A Florida State University faculty member from the Department of Modern Languages and Linguistics is traveling to Austria this fall to conduct new linguistics research thanks to a prestigious Fulbright U.S. Scholar Award.
Tatjana Soldat-Jaffe, an associate professor of German and linguistics in the College of Arts and Sciences, received the award in support of her work on language translation and its role in social media, with a focus on migrant populations. Soldat-Jaffe will spend fall 2023 at the Karl-Franzens-Universität’s Institute for Theoretical and Applied Translation in Graz, Austria, working on her next project, “Translation as a Social Practice: Refugee Writing in Social Media.”
“As a Fulbright Scholar, I will join the ranks of many distinguished program participants,” Soldat-Jaffe said. “It is the most widely recognized and prestigious international exchange program in the world with an acceptance rate of only 20 percent. So, I feel confirmed in my scholarship but humble to have received such a prestigious award.”
The Fulbright U.S. Scholar Program offers over 400 awards in more than 135 countries for U.S. citizens to teach, conduct research and carry out professional projects around the world. Five FSU faculty members received Fulbright Scholar Awards for 2023-2024.
Soldat-Jaffe will spend four months conducting research in Austria, a cultural melting pot in the center of the European Union. The country hosts approximately 146,000 refugees and subsidiary protection holders and over 18,000 asylum-seekers, largely from Syria and Afghanistan, according to the United Nations Refugee Agency reports. In Austria, Soldat-Jaffe will work collaboratively with international partners in educational, political and cultural fields while teaching students in translation studies at the University of Graz.
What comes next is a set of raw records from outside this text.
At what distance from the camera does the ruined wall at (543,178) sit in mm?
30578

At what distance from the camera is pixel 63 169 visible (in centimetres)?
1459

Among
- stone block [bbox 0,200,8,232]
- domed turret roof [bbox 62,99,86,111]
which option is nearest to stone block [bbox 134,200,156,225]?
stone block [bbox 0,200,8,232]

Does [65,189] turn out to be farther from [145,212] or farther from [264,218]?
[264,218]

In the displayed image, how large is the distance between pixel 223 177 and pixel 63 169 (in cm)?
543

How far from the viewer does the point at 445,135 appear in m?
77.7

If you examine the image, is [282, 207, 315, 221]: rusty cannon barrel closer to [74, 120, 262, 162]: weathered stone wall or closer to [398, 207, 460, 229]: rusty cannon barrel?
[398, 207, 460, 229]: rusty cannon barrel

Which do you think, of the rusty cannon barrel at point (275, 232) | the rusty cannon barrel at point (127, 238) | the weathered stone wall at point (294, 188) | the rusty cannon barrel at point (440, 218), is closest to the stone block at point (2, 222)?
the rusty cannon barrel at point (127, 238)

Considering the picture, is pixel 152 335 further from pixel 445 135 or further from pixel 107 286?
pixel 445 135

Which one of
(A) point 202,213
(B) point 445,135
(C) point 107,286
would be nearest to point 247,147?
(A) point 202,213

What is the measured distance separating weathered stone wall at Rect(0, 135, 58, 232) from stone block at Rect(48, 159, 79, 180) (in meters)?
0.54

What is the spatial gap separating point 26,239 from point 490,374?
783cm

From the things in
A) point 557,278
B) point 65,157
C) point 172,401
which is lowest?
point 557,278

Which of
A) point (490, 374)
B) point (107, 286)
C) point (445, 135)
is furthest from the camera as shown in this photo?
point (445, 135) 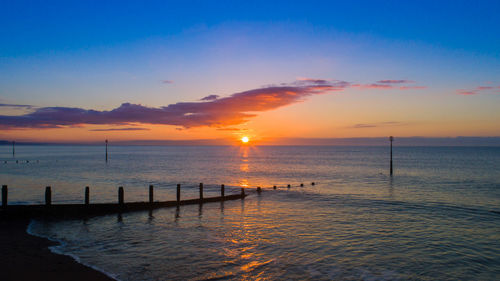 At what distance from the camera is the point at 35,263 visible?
13289mm

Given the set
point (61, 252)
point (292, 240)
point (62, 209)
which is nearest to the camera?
point (61, 252)

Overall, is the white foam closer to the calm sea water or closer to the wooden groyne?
the calm sea water

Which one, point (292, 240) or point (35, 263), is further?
point (292, 240)

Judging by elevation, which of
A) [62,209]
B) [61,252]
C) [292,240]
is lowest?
[292,240]

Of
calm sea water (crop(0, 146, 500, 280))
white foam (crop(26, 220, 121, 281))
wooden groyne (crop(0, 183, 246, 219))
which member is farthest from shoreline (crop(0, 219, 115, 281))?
wooden groyne (crop(0, 183, 246, 219))

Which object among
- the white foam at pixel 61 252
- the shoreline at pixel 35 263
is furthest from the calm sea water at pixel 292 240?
the shoreline at pixel 35 263

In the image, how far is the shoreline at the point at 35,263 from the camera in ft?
A: 39.4

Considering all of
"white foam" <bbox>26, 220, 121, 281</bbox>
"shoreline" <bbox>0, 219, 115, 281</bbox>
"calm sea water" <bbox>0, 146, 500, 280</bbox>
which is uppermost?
"shoreline" <bbox>0, 219, 115, 281</bbox>

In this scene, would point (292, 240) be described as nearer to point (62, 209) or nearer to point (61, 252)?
point (61, 252)

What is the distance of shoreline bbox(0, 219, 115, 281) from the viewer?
39.4 feet

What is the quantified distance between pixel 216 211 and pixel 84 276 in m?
15.6

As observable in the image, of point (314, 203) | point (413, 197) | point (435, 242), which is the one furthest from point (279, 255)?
point (413, 197)

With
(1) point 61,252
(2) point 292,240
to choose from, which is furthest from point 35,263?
(2) point 292,240

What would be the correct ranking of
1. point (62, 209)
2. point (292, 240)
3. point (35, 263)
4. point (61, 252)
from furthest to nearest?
point (62, 209) < point (292, 240) < point (61, 252) < point (35, 263) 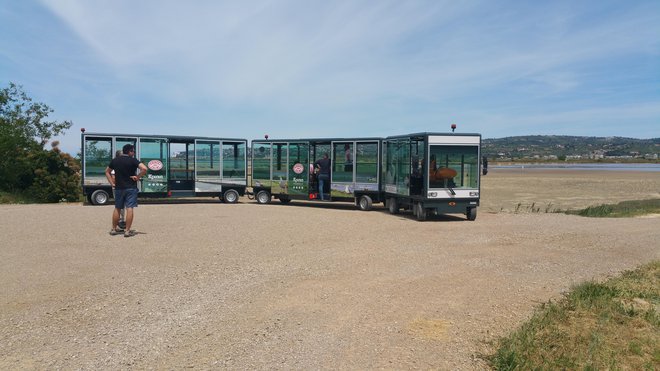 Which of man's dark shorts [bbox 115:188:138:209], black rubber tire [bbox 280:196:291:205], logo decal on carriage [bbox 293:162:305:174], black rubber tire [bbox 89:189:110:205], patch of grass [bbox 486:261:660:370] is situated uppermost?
logo decal on carriage [bbox 293:162:305:174]

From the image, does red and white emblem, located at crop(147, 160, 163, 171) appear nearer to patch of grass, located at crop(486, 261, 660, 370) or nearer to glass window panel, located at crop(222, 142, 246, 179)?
glass window panel, located at crop(222, 142, 246, 179)

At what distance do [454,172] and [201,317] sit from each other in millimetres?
12168

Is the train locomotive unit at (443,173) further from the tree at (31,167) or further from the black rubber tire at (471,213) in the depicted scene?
the tree at (31,167)

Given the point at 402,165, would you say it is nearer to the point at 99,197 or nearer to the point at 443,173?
the point at 443,173

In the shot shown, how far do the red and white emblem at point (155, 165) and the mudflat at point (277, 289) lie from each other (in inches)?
285

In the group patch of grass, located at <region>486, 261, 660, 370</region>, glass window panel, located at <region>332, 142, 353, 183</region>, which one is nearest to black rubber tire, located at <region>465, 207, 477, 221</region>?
glass window panel, located at <region>332, 142, 353, 183</region>

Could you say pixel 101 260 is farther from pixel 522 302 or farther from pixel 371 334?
pixel 522 302

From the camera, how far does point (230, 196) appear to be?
880 inches

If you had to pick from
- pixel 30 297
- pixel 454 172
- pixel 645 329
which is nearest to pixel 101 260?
pixel 30 297

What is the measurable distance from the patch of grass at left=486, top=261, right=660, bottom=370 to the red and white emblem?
17263mm

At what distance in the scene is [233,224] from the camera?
14086mm

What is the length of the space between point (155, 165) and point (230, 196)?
10.6 feet

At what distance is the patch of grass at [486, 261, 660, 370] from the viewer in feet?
16.2

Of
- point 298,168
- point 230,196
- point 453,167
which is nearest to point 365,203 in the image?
point 298,168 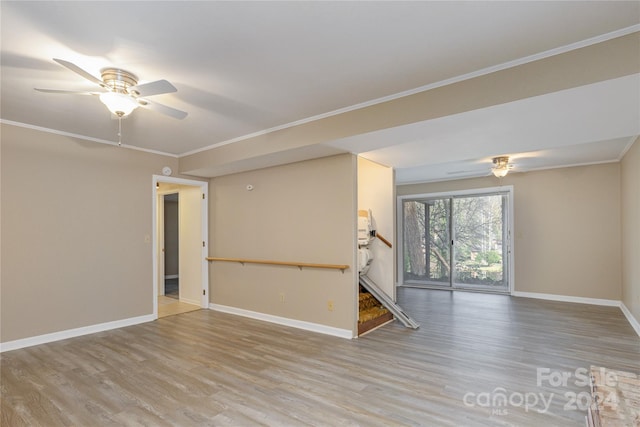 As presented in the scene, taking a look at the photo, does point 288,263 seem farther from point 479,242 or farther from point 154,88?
point 479,242

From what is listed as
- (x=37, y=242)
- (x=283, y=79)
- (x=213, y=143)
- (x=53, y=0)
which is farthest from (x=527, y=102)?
(x=37, y=242)

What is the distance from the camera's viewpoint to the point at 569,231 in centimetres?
611

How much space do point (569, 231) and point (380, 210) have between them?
12.2 ft

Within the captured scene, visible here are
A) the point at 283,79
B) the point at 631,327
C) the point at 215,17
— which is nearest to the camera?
the point at 215,17

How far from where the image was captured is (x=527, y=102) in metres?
2.56

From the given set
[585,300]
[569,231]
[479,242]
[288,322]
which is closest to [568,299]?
[585,300]

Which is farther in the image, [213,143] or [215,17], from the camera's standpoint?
[213,143]

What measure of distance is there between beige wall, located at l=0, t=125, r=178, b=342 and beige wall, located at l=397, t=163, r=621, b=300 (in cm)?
672

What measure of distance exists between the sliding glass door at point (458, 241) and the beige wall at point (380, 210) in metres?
3.08

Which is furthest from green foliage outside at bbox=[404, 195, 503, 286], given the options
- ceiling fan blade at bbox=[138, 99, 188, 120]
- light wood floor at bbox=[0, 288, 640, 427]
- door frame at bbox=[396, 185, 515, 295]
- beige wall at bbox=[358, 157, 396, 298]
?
ceiling fan blade at bbox=[138, 99, 188, 120]

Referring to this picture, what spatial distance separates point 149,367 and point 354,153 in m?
3.19

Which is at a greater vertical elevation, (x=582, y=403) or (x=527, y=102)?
(x=527, y=102)

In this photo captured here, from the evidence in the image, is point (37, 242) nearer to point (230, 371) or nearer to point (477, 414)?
point (230, 371)

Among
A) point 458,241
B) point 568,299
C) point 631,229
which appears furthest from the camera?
point 458,241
“I am excited to work with the Institute for Theoretical and Applied Translation Studies at the Karl-Franzens-Universität Graz, Austria, which is known for its interdisciplinary approach to the study of translation from a sociocultural perspective,” Soldat-Jaffe said.
Soldat-Jaffe, who joined the FSU faculty in 2016, conducts research on language and identity, the politics of language, minority languages and translation studies. This upcoming research was inspired by what she calls a need to reevaluate current academic approaches to translation since the definition of the text — or what needs to be translated — as well as the translation process itself, has changed.
“With the ever-changing technology in mind and an increase in migration, social media has provided refugees — and, generally speaking, migrants — a way to maintain and expand their network of communication,” Soldat-Jaffe said.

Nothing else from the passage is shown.